I look up mendicant in my Oxford English Etymology. Vb; begging, noun-beggar.I'm really confused now. Years ago, I studied with a professor of Native American studies, himself one-half Ojibwa. He said that the Ahnishnabe of this area believed in the poeesigug. My probably misspelled label in English translates to "little people". A wagging finger at this chemokamon (again probably misspelled)whiteman cautions me to beware when performing ceremonies with a drum,tells me that when a person's hair was as white as snow, only then could they get involved with healing. He mentions, never,never tell stories except in the dead of winter. The reason being that any spirit, evil or otherwise could manifest in the story. In the dead of winter, no spirit in his right mind would bother appearing in the middle of a snowstorm or in weather with a windchill below zero. Most benign spirits went to the Baja fishing for Tarpon. The evil ones were happy to be close to the fires of hell.

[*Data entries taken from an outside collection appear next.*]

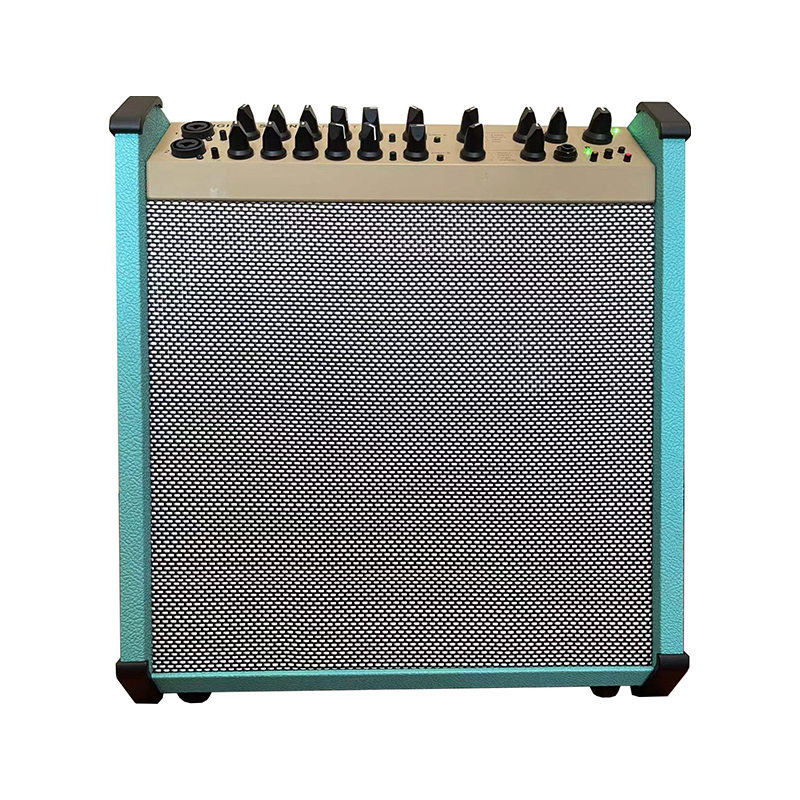 Acoustic Instrument Speakers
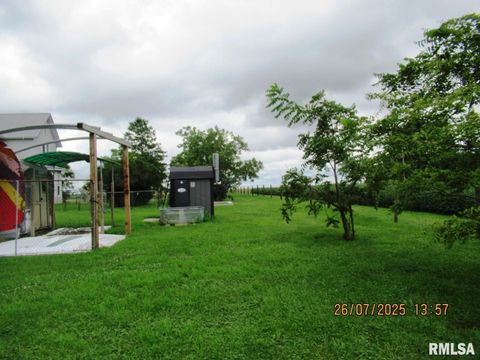 Tiny photo for 719 Quincy Avenue, Clarence, IA 52216 (MLS # QC4265853)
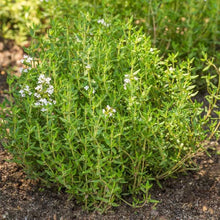 Winter Thyme Thymus Vulgaris Seeds for planting in herb garden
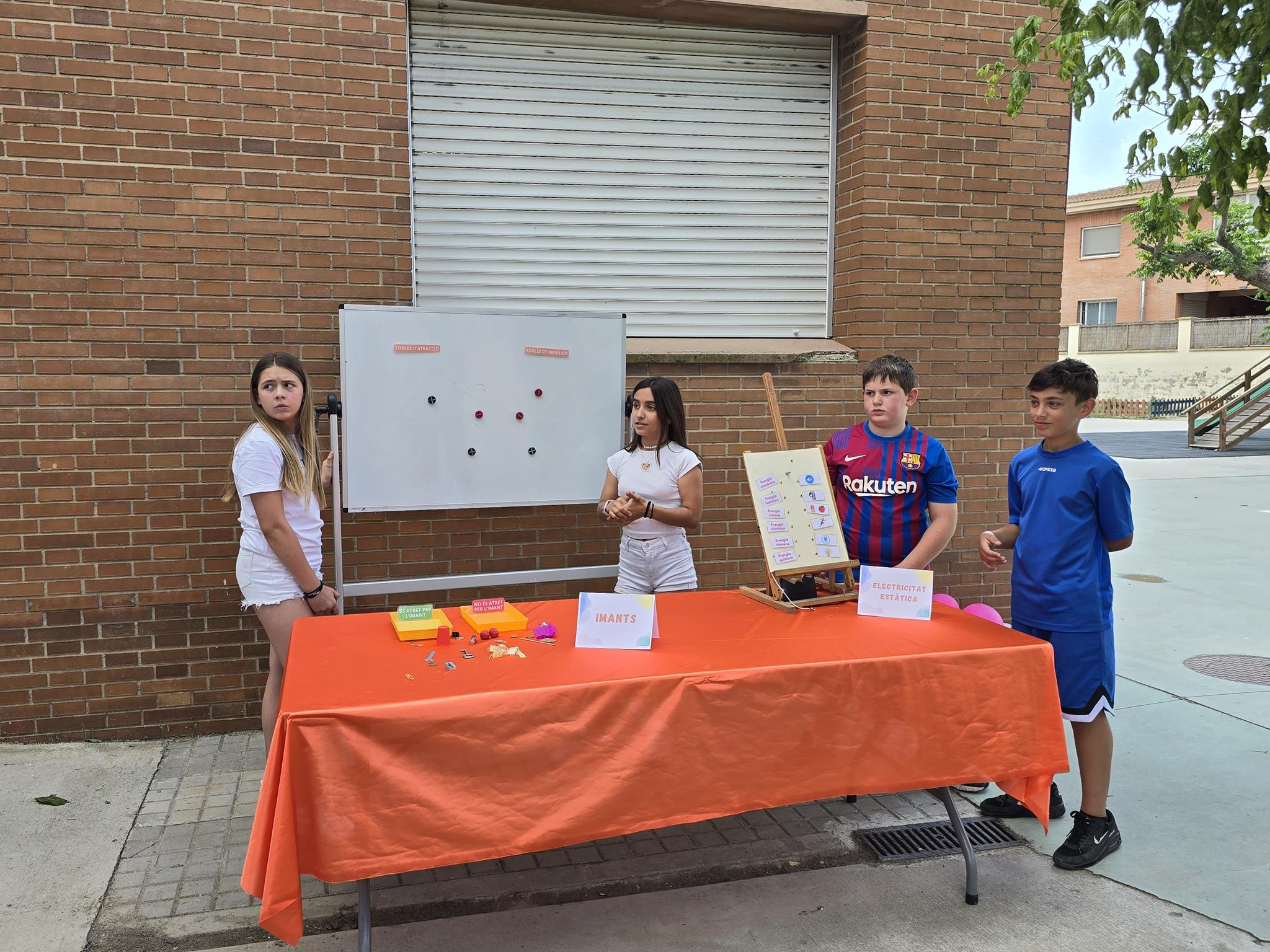 20240524_152410 (Copy)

My devious mind says that I know the names of several gnomes: Newton Ulm, Elfred T. Gnome, Wayne Snut(pronounced Snoot) and Delmar Denton. Hmm. There's got to be a way. Besides, I already know that the previous four gnomes are no good at kitchen remodeling. Why do you think they live in the base of a tree?

I have two choices. Postpone further remodeling until the winter solstice or find a common name for the quartet. I'll head for the library to do some research. In the meantime...
Nate, Quincely, Trevor, Balmor, Meathead, Ralph, did I mention Alvin? Jesus, Jaime, Carlos, Cristof, Don, Telly, Bert, Roger, Joseph, John, Francis, Aloysis,Gustaf, Heimlich, Ingemar, that's got to be a good one.